BEGIN

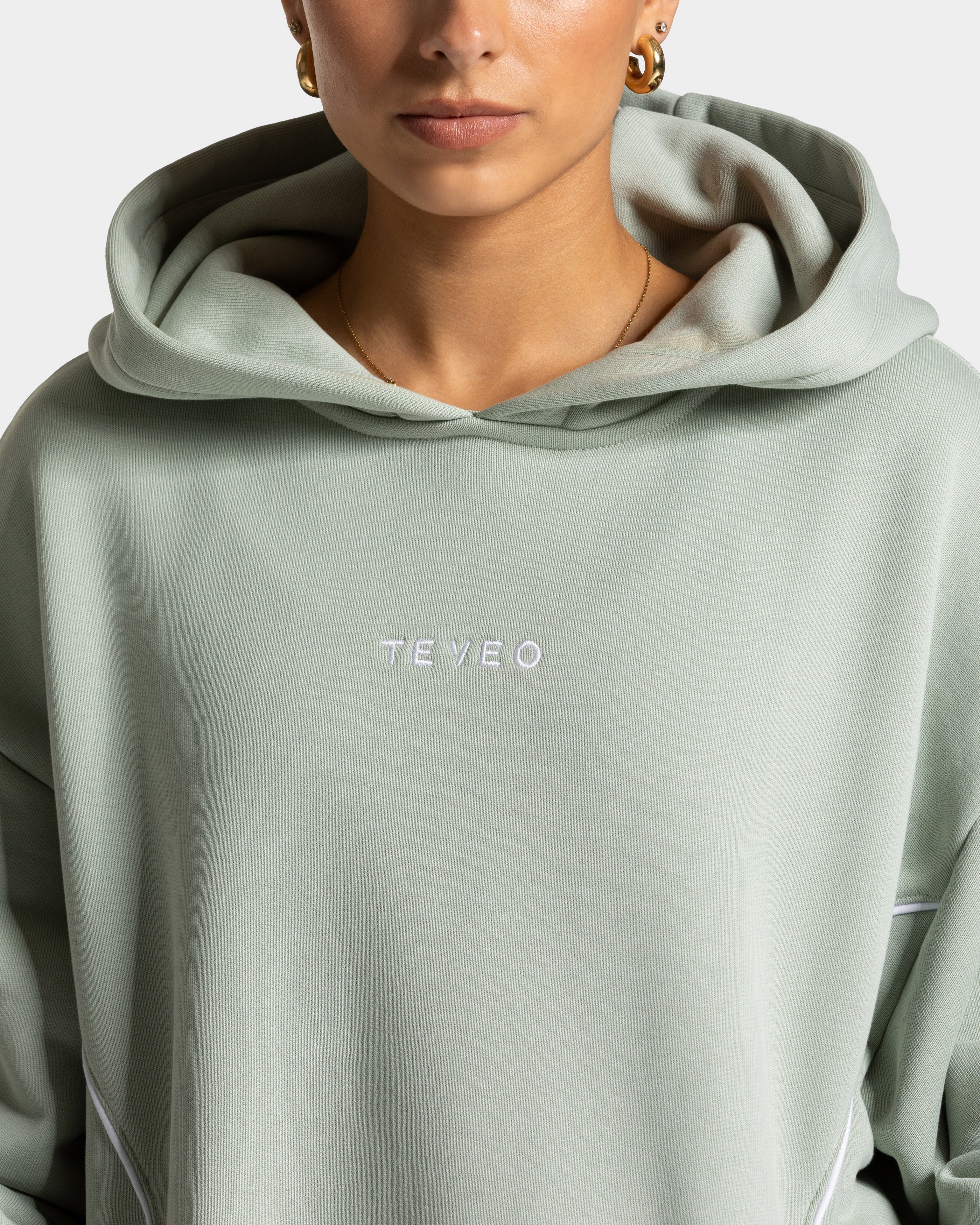 Contrastline Hooded Sweater "Pistachio" - Image 4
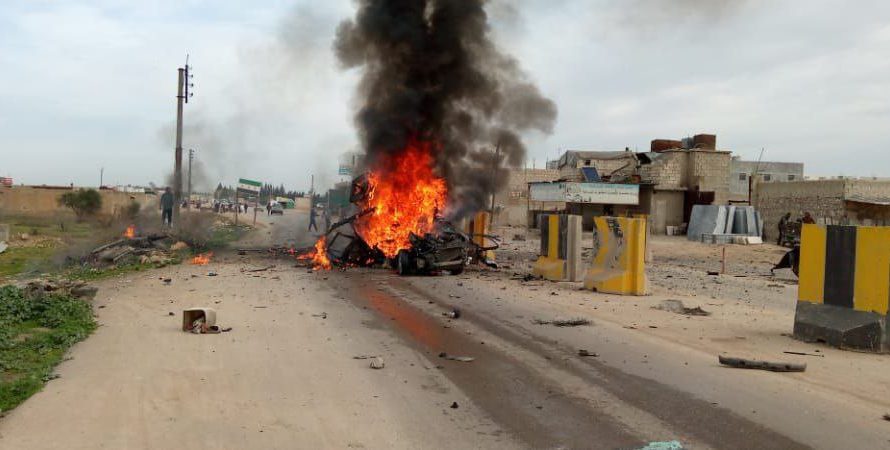 قتلى في انفجار سيارة مفخخة استهدفت حاجز عسكري في ريف حلب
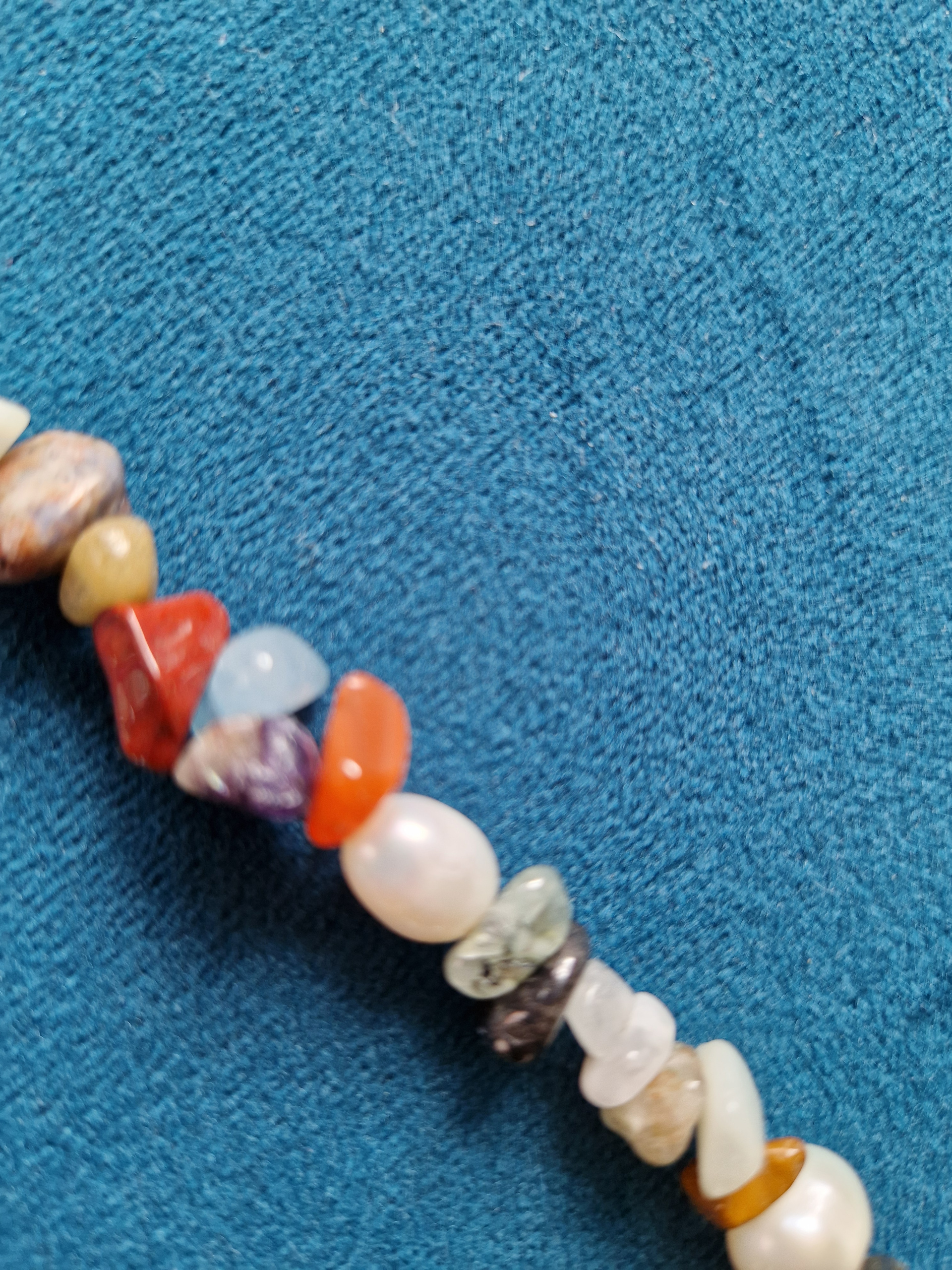 Kette aus Edelsteinmix – Bild 4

END

Exercise >> Provide the listing above once more, exactly, with the pictures removed.

Reply to the task >>
 Contrastline Hooded Sweater "Pistachio" - Image 4
 قتلى في انفجار سيارة مفخخة استهدفت حاجز عسكري في ريف حلب
 Kette aus Edelsteinmix – Bild 4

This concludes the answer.